從理性的角度看,一個社會的價值體系不具有同法律規范那樣的強制性和目的性,而帶有交往性與協調性。特別是中國社會自古以來有著重視價值規范的傳統,往往可以在主體間的理解與交互過程中產生出一種約束成員的力量。顯然,在應對現代化出現一系列問題時,我們已經認識到并逐漸回歸價值理性,特別是社會主義核心價值觀的應運而生,是一次富有理性和智慧的選擇。凝練的24個字作為中華民族鮮明的符號共識,具有很高的識別度,表達了人們共同的向往和追求的理想,而取得能為絕大多數社會成員所認同、信奉和踐行的價值共識才是它成功凝聚中國民心、民智和民力的關鍵。同樣,在全世界層面也需要經過求同存異提取出價值層面的“共同點”,為共存共贏、和平發展提供價值支撐。2015年,習近平在第70屆聯合國大會一般性辯論時的講話概括出,和平、發展、公平、正義、民主、自由,是全人類的共同價值。這一共同價值與以往的“普世價值”很大的區別在于:它不僅預見了世界同一性的趨勢,因而提出凝聚各個國家、各個民族共同追求的價值理念,更重要的是它同時也看到了世界的多樣性,因而表達了對不同國家和民族所具有的差異性的極大尊重。每個國家和民族都有自己的歷史發展軌跡,經濟與社會發展階段也各不相同,所追求的價值及其實現路徑也因為國家和地區的不同而有所差異。因此,在中國文化中理性的啟發下,人類共同價值的含義可以解讀為“和而不同”,在包容中實現存異、在共識中實現求同。

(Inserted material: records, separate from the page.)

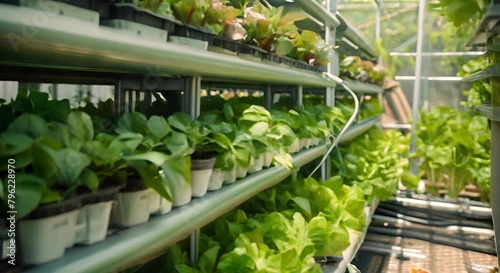 Automated Hydroponics System, Modern Agriculture and Efficiency,Suatainable concept photo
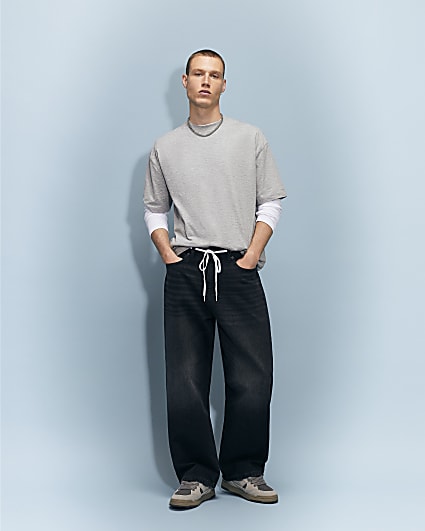 Black Baggy Fit Washed Jeans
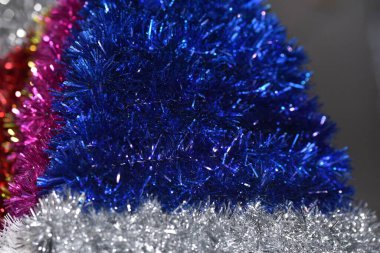 Noel süslemeleri, yakın görüş, yeni yıl konsepti.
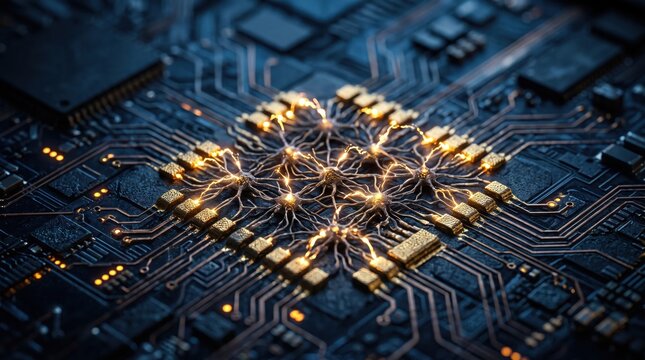 Microprocessor chip mounted on a motherboard with glowing gold circuits and complex data pathways.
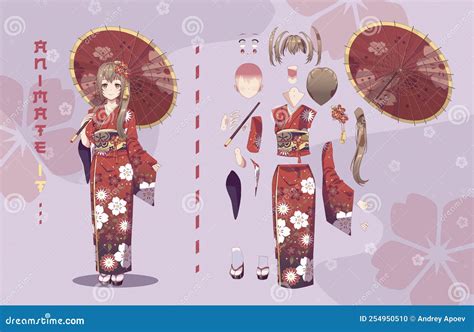 Anime Girl In Kimono With Umbrella Characters For Animation Stock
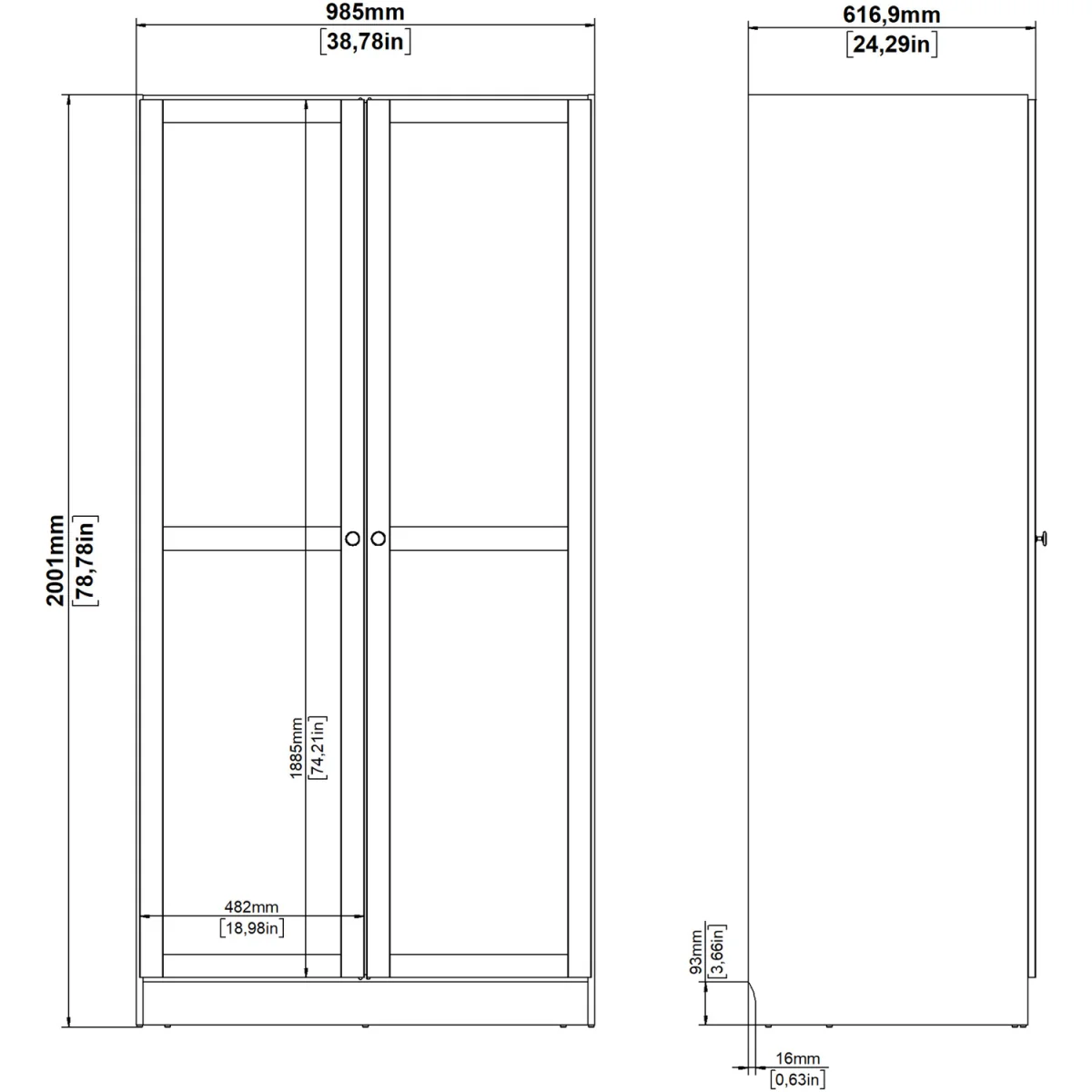 Brande Wardrobe 2 Doors - Natural – image 12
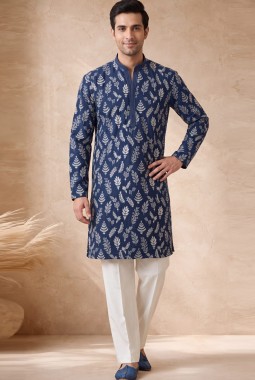 Ink Blue Japanese Embroidery Mens Festive Wear Kurta Pant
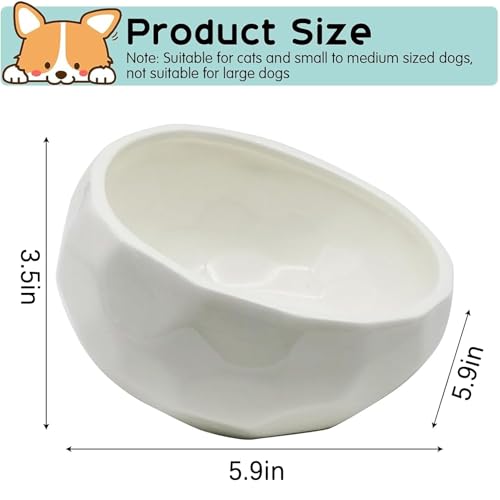 kathson Slanted Ceramic Dog Bowl Tilted 15° Cat Food Water Bowls Dish Animal Pet Comfort Feeding Bowls Heavy Weighted Feeder for Wet or Dry Food (White) - color: White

盡管主流文化與大眾文化沒有嚴格的范圍界定,但兩者的區別是存在的。一般看來,主流文化的本質是同質化,是一種自上而下、形態簡約的文化,與意識形態有著高度的一致性;而大眾文化則產生于大眾流傳于大眾,是一種自下而上、形態各異的文化,與意識形態始終存在似近如遙的距離感。可以說,主流文化與大眾文化之間存在著向心與離心的矛盾運動,在歷史上既存在勢均力敵的平衡狀態,也存在兩種力量的沖突趨勢。從國家治理角度來看,一個國家、一個民族的群體文化是一個多元多層級的復雜構造格局,也必然是一個含有一定利益沖突、觀點沖突的復合體。每個時期每個群體都有著具體的文化內容、獨特的理念規范。當前中國處于社會的轉型期,作為物質文化、制度文化轉型的精神先導和觀念文化必然會發生變異,大眾文化也呈現出了異質化、多元化、復雜化的鮮明特征。正如有的學者指出,大眾文化“具有高度的理性和理想,不合理的社會現實一旦產生,就會激發現實批判主義思想或情緒,這是正常的現象。如果不能提供一定的理性批判空間,那么情緒化的蔓延將不可避免”[13]。

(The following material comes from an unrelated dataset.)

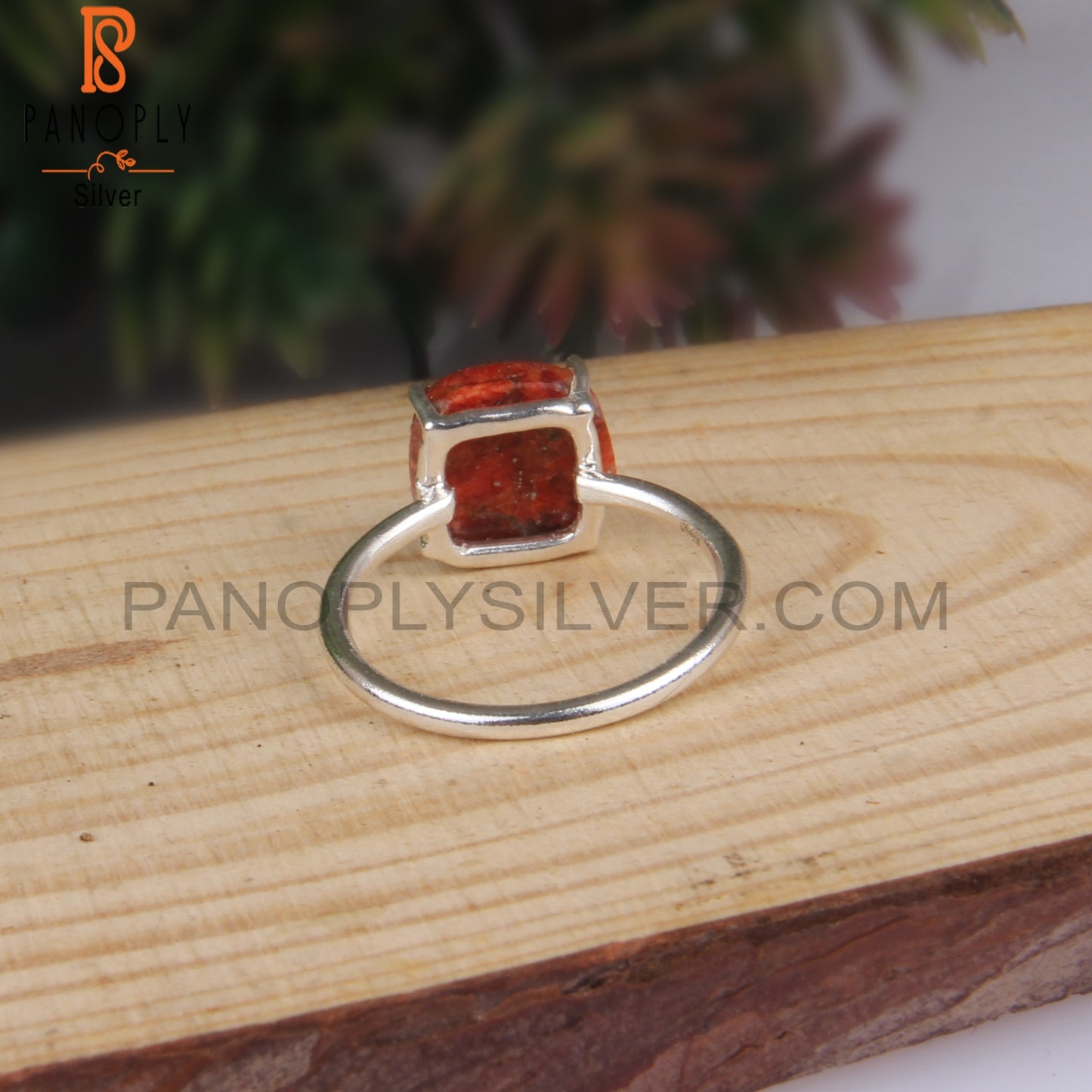 Sponge Coral Cushion 925 Sterling Silver Ring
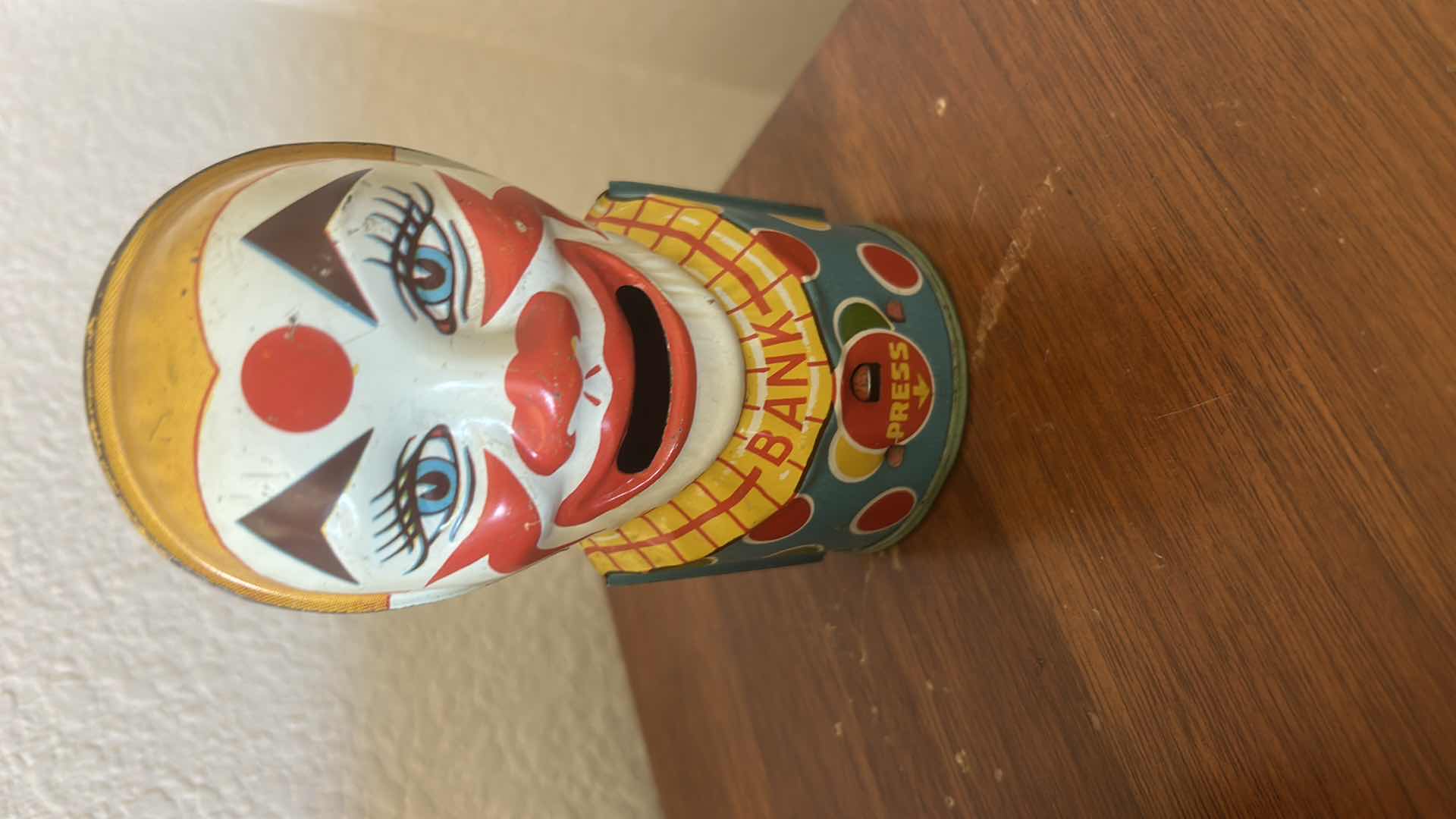 Photo 1 of VINTAGE 1930S SCARY TIN MECHANICAL CLOWN BANK WITH STOPPER. WORKING. H5.5”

如何實現主流文化和大眾文化相互融合、相互促進,始終是維護社會穩定發展的重要方面。中國文化中的理性有著強大的文化融合能力,積極為各種文化提供合理的表達機制、對話空間,同時也為帶有強烈情緒的文化提供了宣泄出口。正是在文化的交流碰撞中,不合時宜、無序激烈的文化被過濾掉,符合社會發展的文化則被不斷整合進主流文化中,構建成容納主流文化與大眾文化的大意識形態,于無形中減緩了國家與社會、群體與群體之間沖突。同理,中國文化中鼓勵主流文化與大眾文化對話交流的理性精神,為推進當前國家治理能力現代化可以提供很好的思路。中國文化中能使多元文化共存的理性,啟發當前國家治理應逐漸形成政府、市場、社會組織、公民個人等多元主體參與、協同合作、共同解決公共事務的一種治理形態。轉變傳統單一管理機制為多元共治的運行機制,建立起國家管理與社會自治有效銜接、良性互動的現代治理結構體系,這是超越傳統政府主導型發展模式的需要,也是國家治理體系現代化的必然要求。

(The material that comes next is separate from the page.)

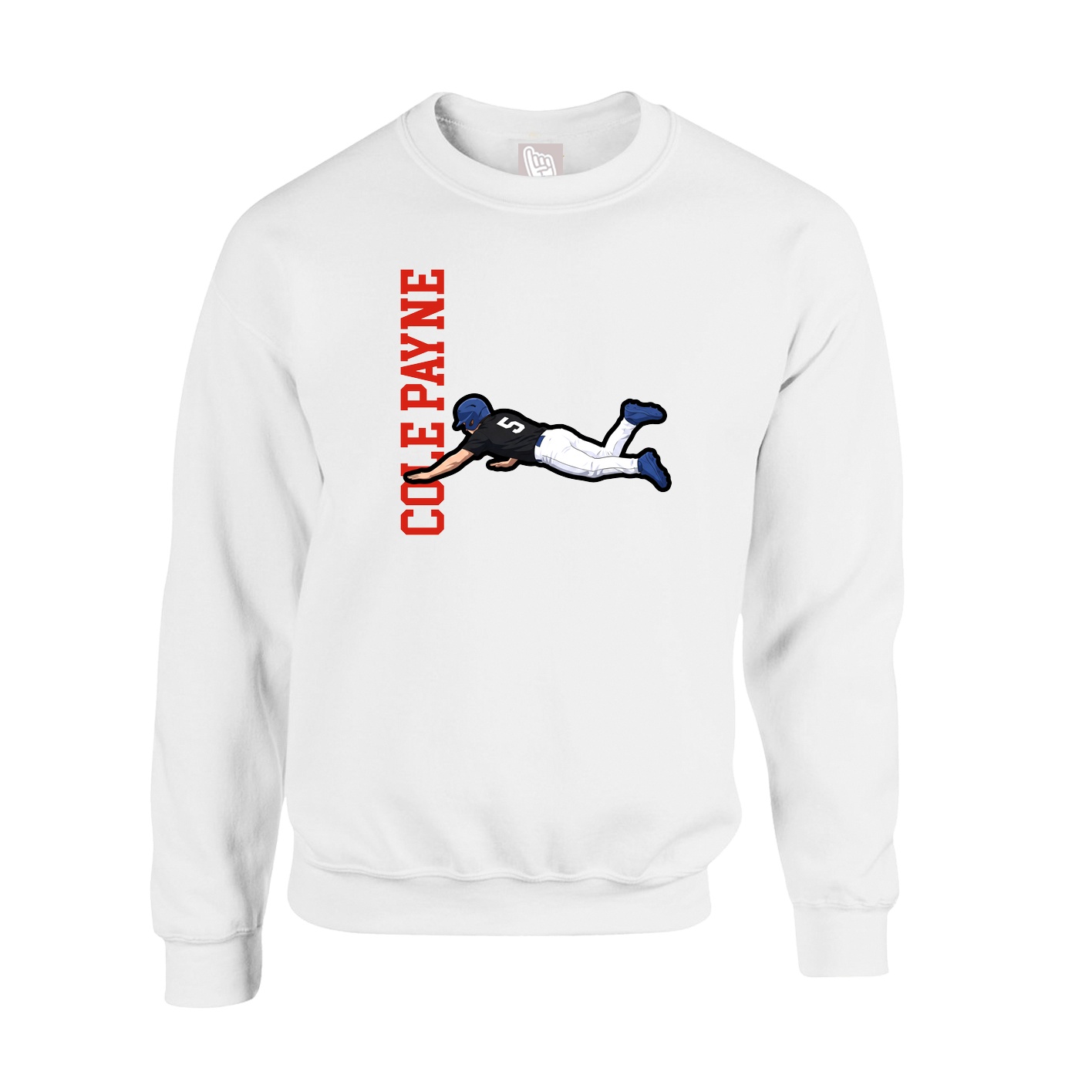 Fleece Crew — Name Vertical in White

現代化的“遠距作用”改變了我們對外來文化的認知方式,“去域化”開放了我們的社會生活,中國日益成為全球化的構建者和推行者。中國文化中理性的介入,讓人們轉變了全球化與本土化非此即彼的零和博弈思維,逐漸以對話協商、共建共享、合作共贏的方式思考人類共同體的走向。全球化中的任何文化所傳遞和表達的已經不是完全同質化的單一文化,而是多種文化相互碰撞后產生的另一種文化。因此,中國文化中的理性在指導自身文化的變遷中也促進了全球化與本土化的二元共存、雙向交流。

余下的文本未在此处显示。